# Reel maintenance



## Chipsfishing (Apr 23, 2013)

Been using a couple of inexpensive rod and reels this year with no problems, I rinse them off with fresh water after every trip. This morning I get out there and I notice one reel is difficult to turn, and after screwing around with it the handle breaks off. Then I notice the drag on the other reel is not working correctly. So how often should I break down reels and give a good cleaning and lubing? And/or spend the extra bucks to get some better quality equipment.


----------



## BlackJeep (Jun 13, 2010)

You have to get in even the good reels every now and then as well. I try to do it every 3-4 months, but I fish a lot and fish out of a kayak. Dunking a reel in the water is not good. If its not waterproof, the saltwater will turn grease into kind of a semi-crusty mess. Definitely take apart and clean any reel that gets dunked before that happens.
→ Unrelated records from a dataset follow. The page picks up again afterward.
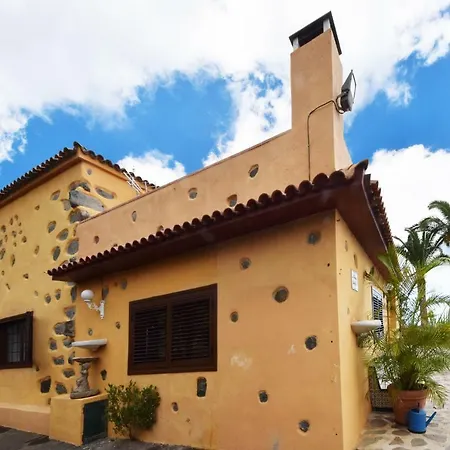 La Pradera De Melo Vakantiehuis *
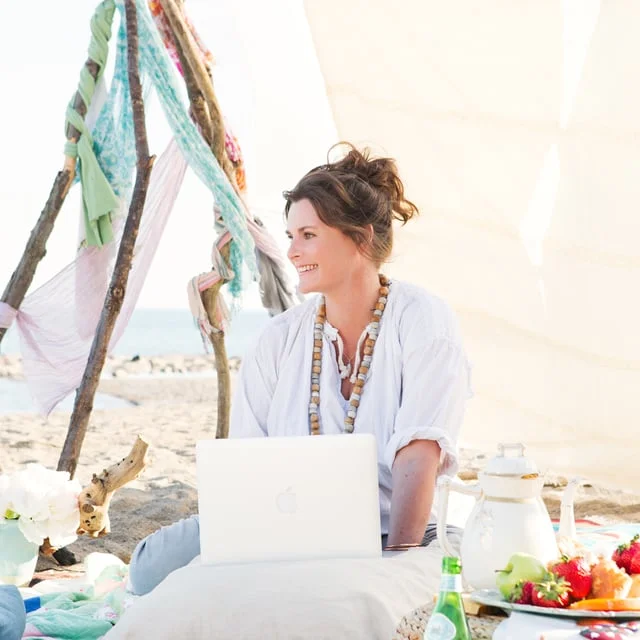 From 20K a Year to 20K in a Day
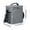 Gray, variant on Insulated Backpack Cooler, Leakproof Cooler Backpack with Padded Shoulder Straps, Insulated Lunch Backpack for Camping, Picnic, Beach, Hiking, and Outdoor Travel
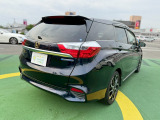 シャトル 1.5 ハイブリッド X ホンダセンシング 純正ナビ/禁煙車/バックカメラ/フルセグ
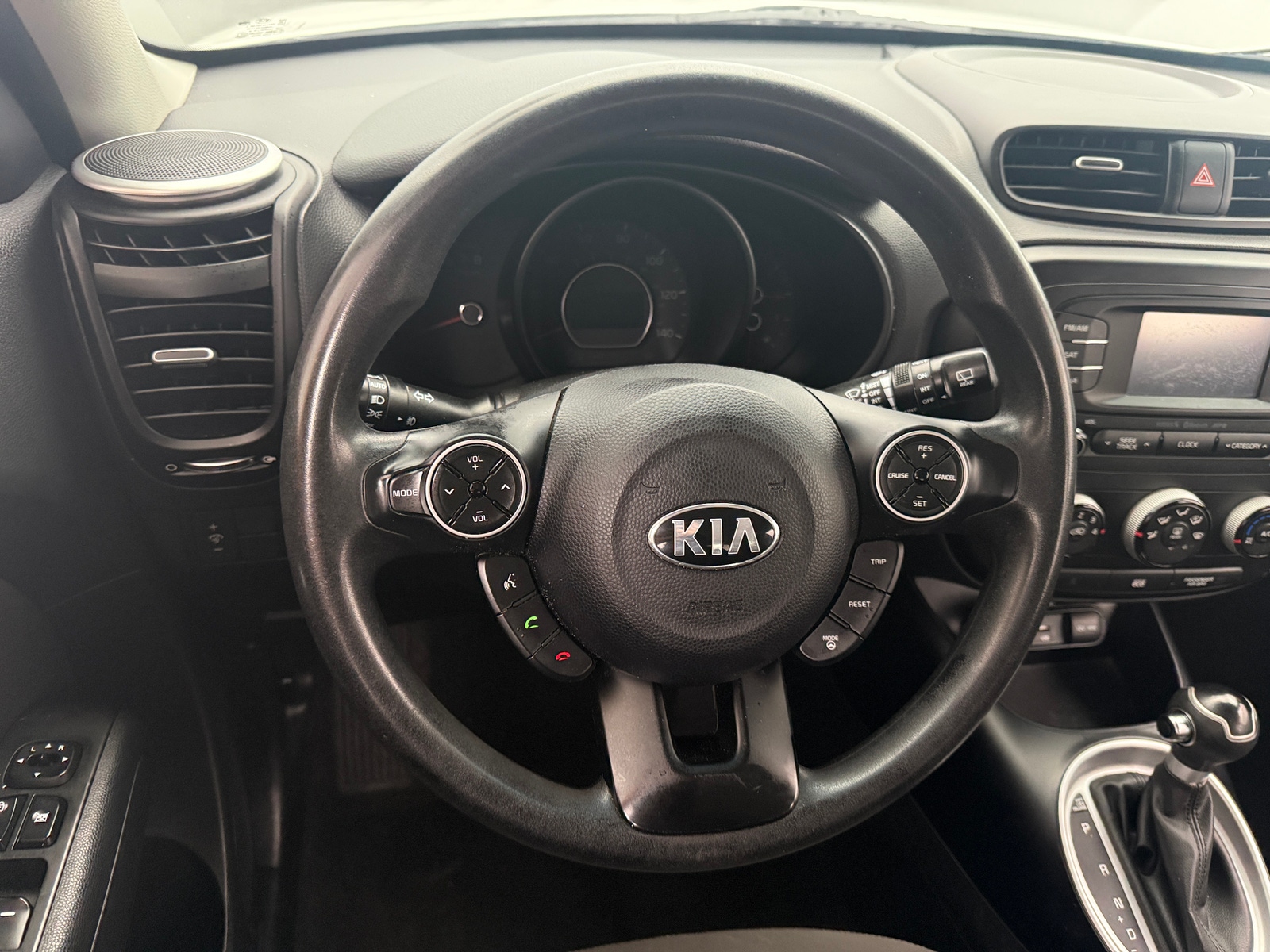 Thumbnail: 2015 Kia Soul - 5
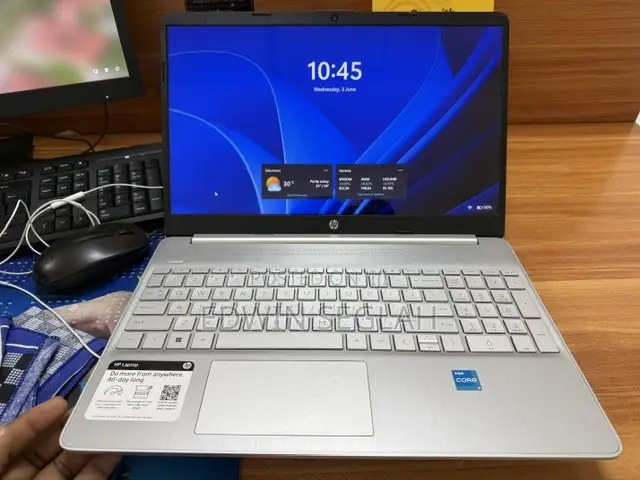 Laptop HP 15-dw3031 16GB Intel Core i3 SSD 1T
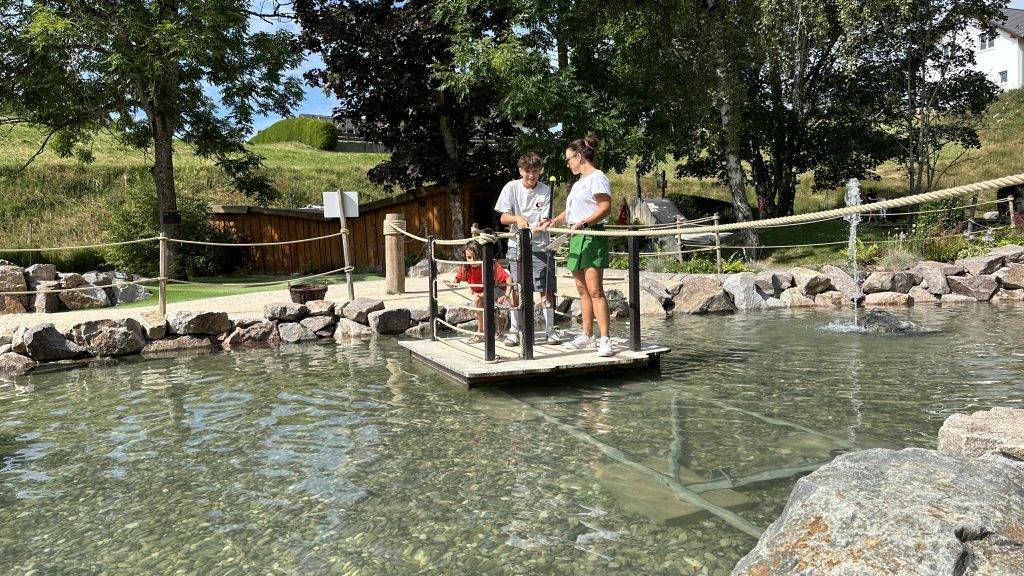 Urlaub im Hochschwarzwald – 7 richtig coole Ausflugtipps für Outdoor Fans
My advice, buy the best gear you can afford and stay on top of the maintenance.


----------



## MrFish (Aug 21, 2009)

You'll need to clean and lube the expensive reels too. Just get in the habit of breaking them down and cleaning the piss out of them. Get you a big tub of Cal's and go to town.


----------



## Chipsfishing (Apr 23, 2013)

I remember one of them getting dunked and all I did was rinse it off after. Lesson learned! I've got some work to do, thanks. Any recommendations for surf reels that won't break the money bank?


----------



## Pompano Joe (Jan 28, 2009)

I often recommend the Penn 550 SSg for surf fishing, or the New SSV if you want to take it to the next level.


----------



## rfh21 (May 17, 2012)

I don't get offshore much so those big Penns normally don't get it as often but my inshore reels I clean every two months or so. If they get dunked, as soon as I possibly can. I personally feel the factories over grease the reel which is what really ends up ruining them. So I keep the grease low and oil a lot. Has worked well for me


----------



## bigtallluke (Jul 14, 2012)

Pompano Joe said:


> I often recommend the Penn 550 SSg for surf fishing, or the New SSV if you want to take it to the next level.


I absolutely love my Penn 550 ssg. I would highly reccomend one of those as well.... very smooth reel, and they are tough. I have a Penn 6000 ss that I like also, but it doesnt hold a candle to the 550 ssg. The 550 is my "go to" rod if im only going to put one line in the water. 
Check craigslist and pawn shops to save a little cash if you can settle for something used... there are some great deals sometimes!


----------



## almo100 (Mar 1, 2013)

Half Hitch will get them done for $25 per reel. Worth it to me especially if they are pricey ones.


----------



## Chipsfishing (Apr 23, 2013)

Thanks for the info on reels. Looking for one this week.


----------